In any case, the order is sent out. The station agent at Winston, where Kip Chalmers’ train is parked, sees it and realizes what it means:
He thought of the passengers — the three hundred passengers aboard the Comet… He asked himself whether he could deliver his children to the fate of the children of the unemployed, as he had seen them in the blighted areas, in the settlements around closed factories and along the tracks of discontinued railroads. He saw, in astonished horror, that the choice which he now had to make was between the lives of his children and the lives of the passengers on the Comet. A conflict of this kind had never been possible before. It was by protecting the safety of the passengers that he had earned the security of his children; he had served one by serving the other; there had been no clash of interests, no call for victims.
“I would have fought you, and if I could make my road better than yours, I’d have broken you and not given a damn about what happened to you.”
If that isn’t a clash of interests, nothing is. The political system where there’s truly no conflict of interest is the one that institutes a social safety net to protect the lives and well-being of its citizens, so that losing out in the competitive game of capitalism doesn’t mean starving to death in the street. By contrast, the philosophy of Objectivism is premised on merciless, law-of-the-jungle competition. It demands that in order to safeguard your well-being and the lives of your loved ones, you have to destroy your competitors. It has no pity for the weak, no sympathy for failure, and no concern for anyone except the tiny minority of successful capitalists, who deserve to have all their wants fulfilled.
I realize Rand is using “clash of interest” in her own peculiar, idiosyncratic sense. What she means is that it’s not really in your interest to have something unless you’re “rationally” entitled to have it, and if the market doesn’t give it to you, that means you weren’t rationally entitled to it. If you lose your job and your home because a competitor ruins your business, or if you’re plunged into poverty because of an illness, the fact that this happens means you deserved it.
In other words, the only “interests” Rand considers to be real are the ones that she agrees with. If she doesn’t think you deserve to live, then it’s not in your “interest” to continue living, as far as her philosophy is concerned. That’s why she says there are no clashes of interest in Objectivism: because the only interests whose existence it acknowledges are the interests that flow from a single mind, hers.
There had been a time when he had been required to do his best and rewarded accordingly.

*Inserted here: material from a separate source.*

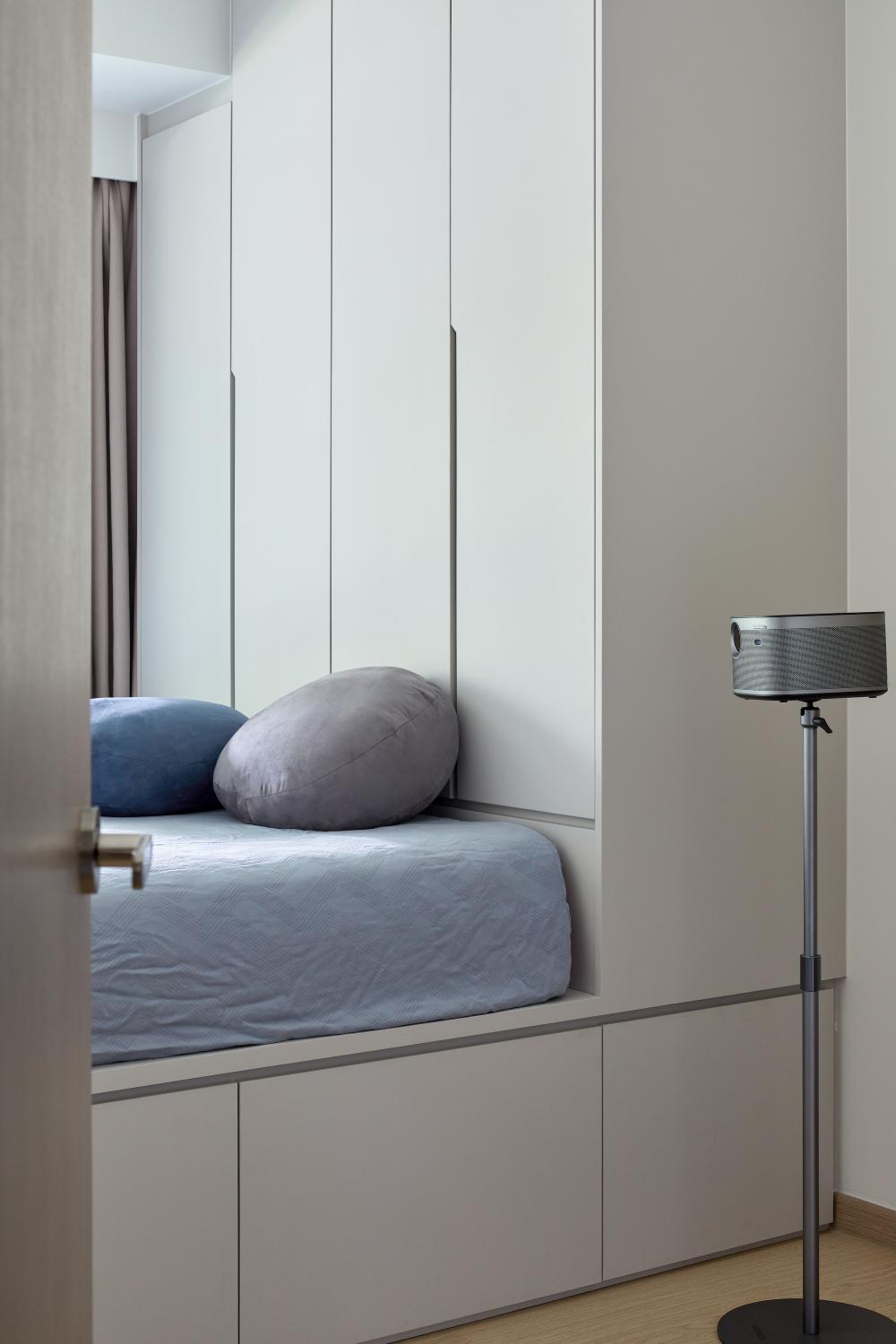 Modern Bedroom with Platform Bed and Wardrobe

Now, he could expect nothing but punishment, if he tried to follow his conscience. There had been a time when he had been expected to think. Now, they did not want him to think, only to obey. They did not want him to have a conscience any longer.
Rand’s regard for “conscience” is highly selective. When Dagny’s train was stopped at a red light and the crew thought it was too dangerous to proceed, she didn’t reward them for following their consciences, she yelled at them until they obeyed her. And don’t forget, Rand also thinks conscience should be thrown on the trash heap if it tempts you to feel pity for lesser mortals.
The coal-burning engine is duly procured and the train starts up again, heading for the Taggart Tunnel:
“See?” said Kip Chalmers triumphantly to Lester Tuck, as the wheels under their feet shuddered forward. “Fear is the only practical means to deal with people.”